Dear Lone Pining

By Andres Smith | 4/27/16 10:37am

Life at Dartmouth can be hard, what with the harsh winters, D-Plan and limited social scene working against you. “Dear Lone Pining,” Dartbeat’s premier student advice column, is here to help! Anonymously submit your questions here and our lifestyle expert, Lone Pining, will help tackle your problems. Here’s what Lone Pining had to say this week:

Dear Lone Pining: I am not photogenic. I look like a troll in every photo taken of me. Help!PhotosNotBomb


I wish I could help, but I haven’t been able to appear in photos since 1871. I was studying abroad in Romania when I was invited to a castle rave. One thing led to another, and now I am an immortal creature of the night who mostly lives off of squirrel blood. But I digress.

While this is probably the worst time in history to not be photogenic (considering we now see each other more through social media than in person), I don’t think this is the end of the world. If the worst thing people can say about you is that you don’t look great in pictures, you’re not doing all that bad.
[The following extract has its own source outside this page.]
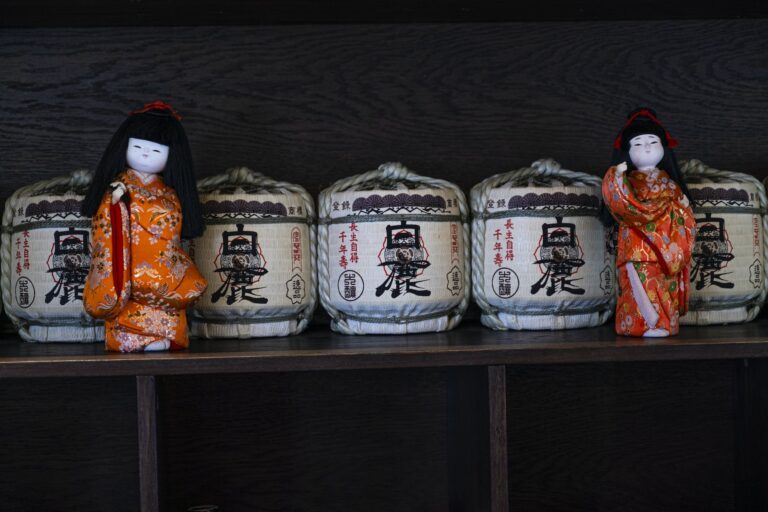Traditional Japanese Kimekomi dolls in red kimonos placed on shelf with abundance of wooden sake barrels with ropes and hieroglyphs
As far as improving how you look in pictures, try standing up straight, smiling naturally and perhaps avoiding the cameras when you’ve crossed to the other side of the River Keystone.

Or, you could always go on that Transylvania FSP and not have to worry about it.

-Lone Pining

Dear Lone Pining: I spend a great deal of time in the KAF line. What’s the best way to be productive while I wait? –Kaffeinated&Motivated


You have a lot of time on the KAF line, and there are all sorts of things you can do while waiting: catch up on your emails, forge a priceless art piece, put a decades-long revenge plan into action, chart a course for the lost city of Atlantis or listen to a podcast. My personal favorite is mulling over my most recent, regretful life choices and deciding what overpriced pastry I should eat to drown out the memory, but that’s just me.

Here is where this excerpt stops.